Work instruction:
Without copying any picture, return all lines below exactly.

Supplied material:
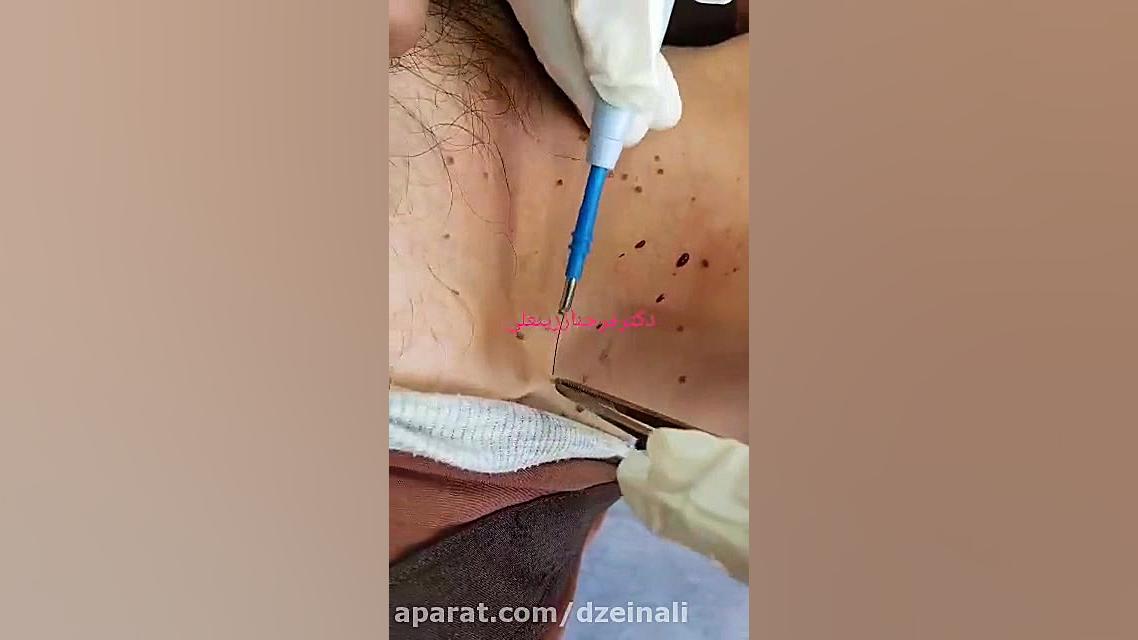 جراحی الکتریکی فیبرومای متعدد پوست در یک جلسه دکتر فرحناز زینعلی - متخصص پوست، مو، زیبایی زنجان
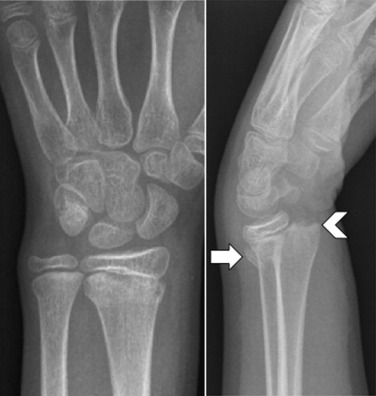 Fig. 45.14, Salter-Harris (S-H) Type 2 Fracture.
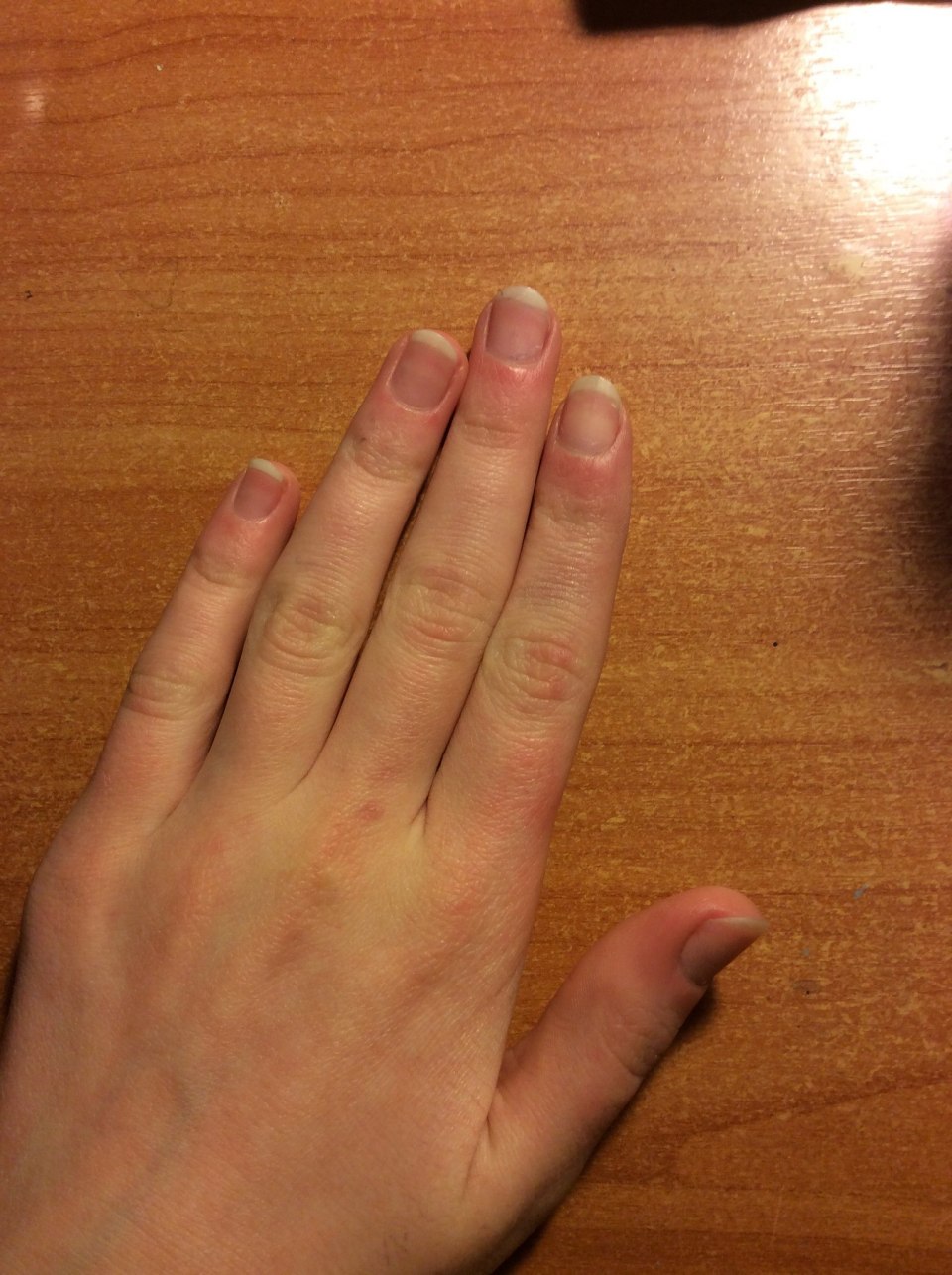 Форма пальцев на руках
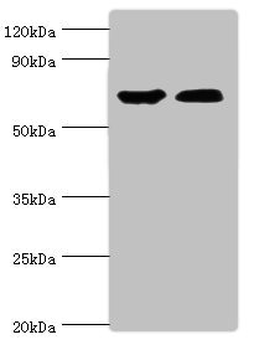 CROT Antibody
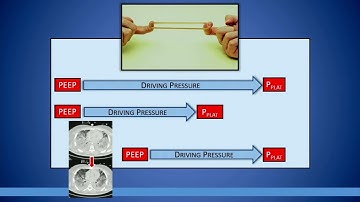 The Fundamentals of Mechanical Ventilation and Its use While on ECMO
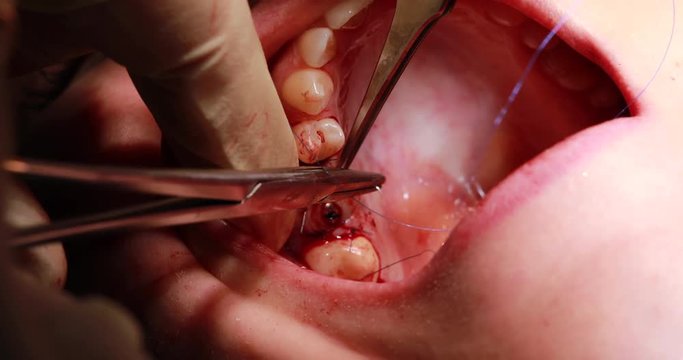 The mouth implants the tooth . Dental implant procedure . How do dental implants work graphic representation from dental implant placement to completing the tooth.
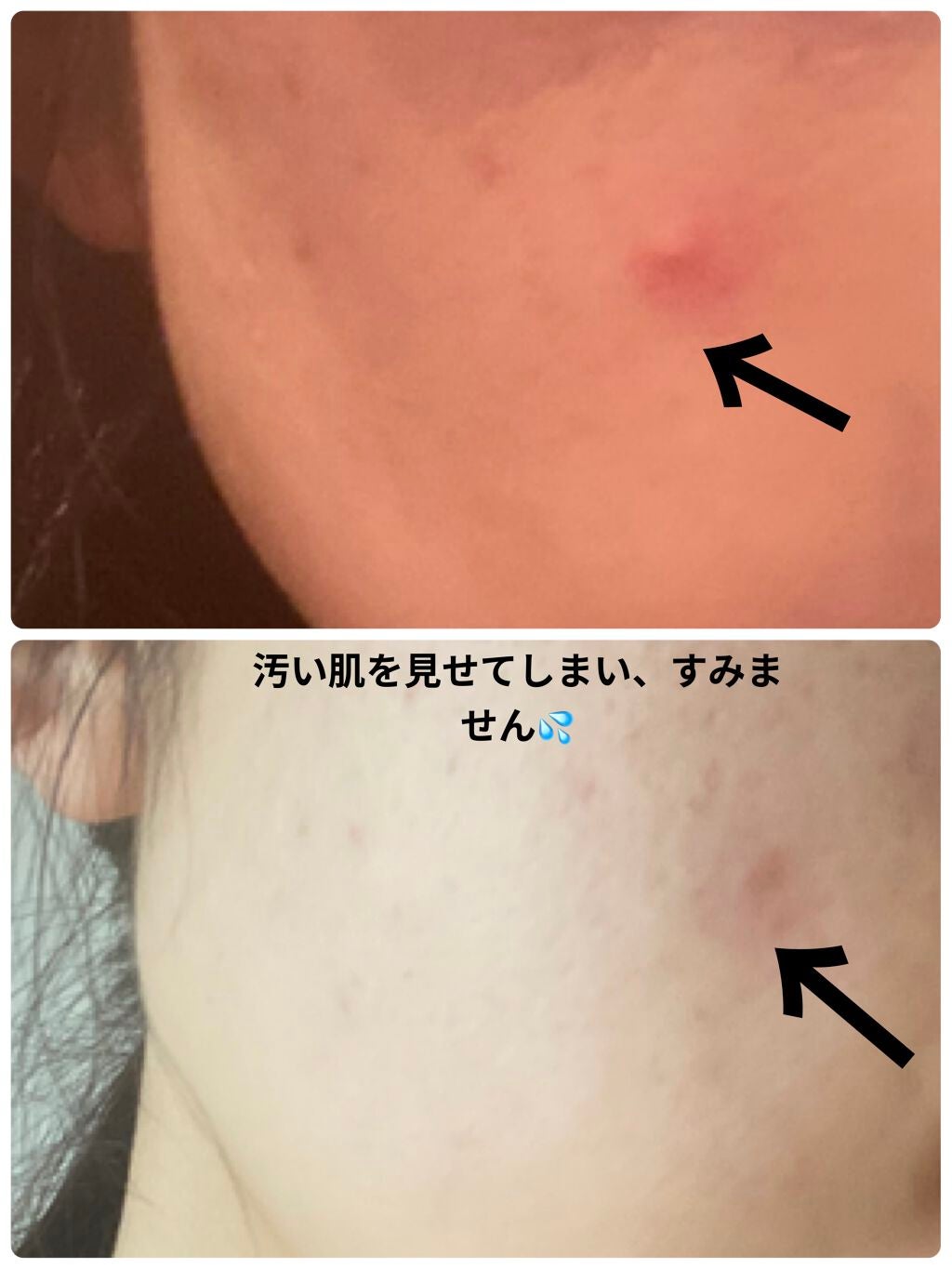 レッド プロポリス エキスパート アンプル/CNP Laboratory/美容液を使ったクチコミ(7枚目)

Written answer:
 جراحی الکتریکی فیبرومای متعدد پوست در یک جلسه دکتر فرحناز زینعلی - متخصص پوست، مو، زیبایی زنجان
 Fig. 45.14, Salter-Harris (S-H) Type 2 Fracture.
 Форма пальцев на руках
 CROT Antibody
 The Fundamentals of Mechanical Ventilation and Its use While on ECMO
 The mouth implants the tooth . Dental implant procedure . How do dental implants work graphic representation from dental implant placement to completing the tooth.
 レッド プロポリス エキスパート アンプル/CNP Laboratory/美容液を使ったクチコミ(7枚目)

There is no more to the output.